Crowdsourcing A11y

Archives and museums have a great deal of images and other items in their collections and sites which are not digitally accessible. Digitization, preservation and sharing of information is wonderful but accessibility needs have to be considered. While it might not be feasible to get alt-text on all images or closed captioning on all videos currently in a archive and museum site but it would be a mistake to remove them because they are not currently accessible. Figuring out a way to add accessibility to your sites and into your workflow is very important.

Here are just a few crowdsourcing accessibility projects.

Describe It!

Describe It! is a Zooniverse project created by The Frick Collection and Frick Art Reference Library. The goal of this project is to collect descriptions for every image in the Frick Art Reference Library ‘s digital Photoarchive. In this project, online volunteers write short descriptions for works of art in the Library’s Photoarchive collection. In order to obtain a variety of descriptions, each image is described three times before it is retired. Once an image is retired, the submitted descriptions are evaluated by library research staff who select the best description for each image. Each of the descriptions are then converted into alt-text (alternative text) which make its collections accessible to all users. Volunteers can help anonymously or create an account. The project includes a tutorial, instructions, tips and detailed metadata information about each work of art.

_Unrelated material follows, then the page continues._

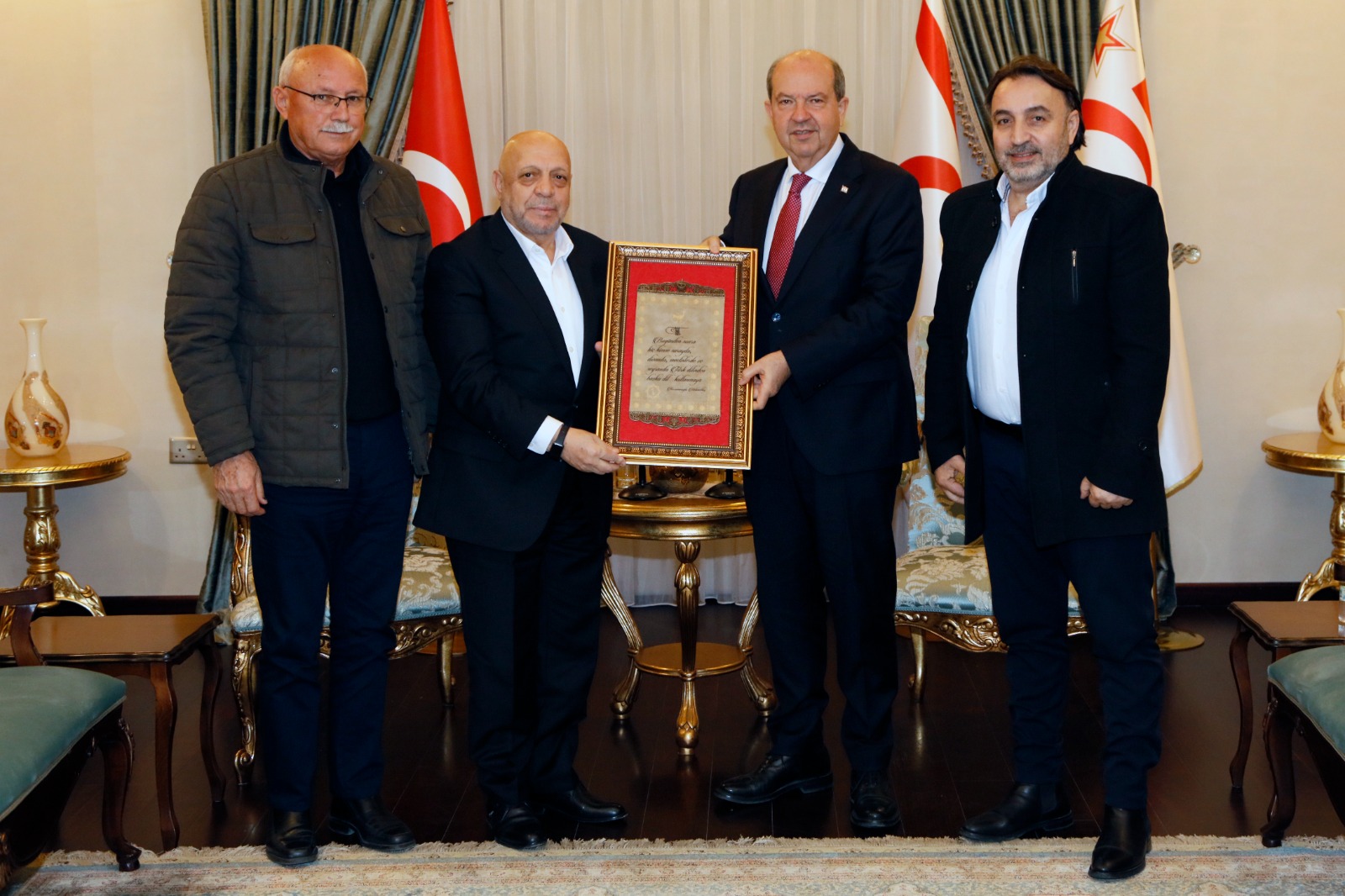 Tatar: Kıbrıs Türkü bağımsızlık mücadelesinde yalnız olmadığını , Türkiye’nin yanlarında olduğunu tüm dünyaya gösterdi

The Emigrant City project at the New York Public Library

The Emigrant City project is built using Scribe, an open source framework for setting up community transcription projects around handwritten or OCR-resistant texts. The goal of this project is to extract structured data from over 6,000 handwritten mortgage and bond ledgers from the Emigrant Savings Bank records. To divide the labor — and to help ensure accuracy — they’ve broken the work into 3 free-standing tasks. These tasks follow a sequence, but they can be performed independently.

Scribes of the Cairo Geniza

The Scribes of the Cairo Geniza is a Zooniverse project to transcribe 300,000 fragments of pre-modern and medieval Jewish texts—from everyday receipts to biblical works – from The Cairo Geniza. The first step of the project, is to sort the fragments by script type and level of difficulty. Next, we analyze the sorted piles by transcribing the relatively easy fragments, and by finding key phrases that will eventually be used to help decipher the more difficult ones. This is a collaborative project between many institutions of higher learning, several great manuscript repositories, and the citizens of the world.

NYPL Community Oral History Project Transcript Editor

The NYPL Community Oral History Project Transcript Editor is a community driven project to make accessible stories of New York City’s past and present. Today thousands of libraries and public media organizations publish large digital audio collections online. Most of these, however, lack transcripts or basic metadata, leaving them invisible to search engines and inaccessible to prospective users. Recent advances in speech-to-text technologies have made great progress in opening audio to the web, but the transcripts they produce are still error-prone and require careful human editing to reach full accuracy. Transcripts are important because they make audio content searchable online, and accessible to people with hearing disabilities. In order for audio to be made more accurately searchable, people and computers need to work together!